Tag Archives: seances

WHAT I’M WORKING ON

If you follow my blogs, Facebook, or Twitter feeds, I’m sure it looks like I’m not doing a whole lot. But since being back in country (since late Oct.) things have been very busy. Personal challenges continue— my mother died in April and the house hunt continues.

Timeless Tulips, Dark Diamonds, my new book was released this spring. Since the publisher does not have ebook rights, I’ll be releasing an ebook this fall. It will be an expanded version of the print book with additional material. My goal is to release this in time for Halloween since it’s a ghost story. Stay tuned for more on that.

The most coveted tulip during Tulipmania: Semper Augustus- could sell for as much as a grand canal house!

Additionally, I’m working on a new novel that’s about three quarters complete. No title yet. This has been a fun book to work on. It’s required some research into the history of Colorado’s start and the history of tuberculosis (the White Plague). The book is a visionary tale about girl who grows up in a 19th century, Colorado town known for its dry climate and healing waters. With a father in the mortuary business, Tallulah has always been around TB and death. Tally’s mother died when she was born, and she longs to know more about the woman who should have raised her. Two peculiar town residents, who Tally is warned to give wide berth, sisters Dottie and Lottie (rumor has it) can speak to the dead. Can Tally persuade them to help her? I’m hoping to finish this by the end of the year. Add your title ideas in the comments section. PLEASE!!

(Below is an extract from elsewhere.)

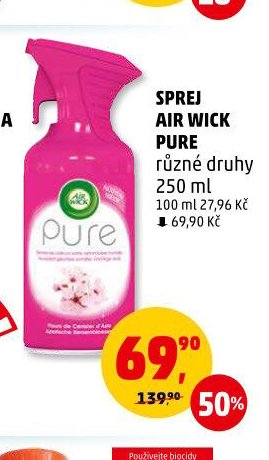 Sprej Air Wick Pure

TB sufferers taking the open air cure.

Another manuscript I’ve been sitting on for a while, I think I’m going to self-publish soon. The Greening of the Laurel is a visionary, YA book in thriller mode.  Ryan’s junior year is turned upside down by a series of bizarre visions and freaky encounters with fire. Eventually, Ryan ends up in the ER. He finally comes face to face with the man who claims to have all the answers. But how can quantum physics and timeless spiritual mysteries be colliding with Ryan at the center of it all? Can he really believe he had a past as a medieval heretic where he hid what has become known as the lost Cathar treasure, a manuscript containing the hidden truth underlying the universe? Can he trust a secret society that claims to need his help if science is to move forward?

photo: Kaktus
(Montsegur- Cathar stronghold until the final battle of 1244)

Not at first, but as events threaten his family, Ryan returns to southern France to find the document he once allegedly hid. In 1244, he watched two hundred of his countrymen burn as he and two others slipped away in the night carrying a manuscript the world desperately needs. Surrounding Ryan are members of the Green Laurel, back to ensure his safety. Also, back are the dark forces of the Church who want nothing more than to exterminate the remnants of the Cathars and the truth the future requires. Without the manuscript, science cannot advance. A single unified theory will never be found and, all along, Ryan’s very existence remains in peril.      

And although I’ve never had any luck with picture books, I’m currently circulating a manuscript with agents starring Mona Lisa. A cute story, but no bites yet!  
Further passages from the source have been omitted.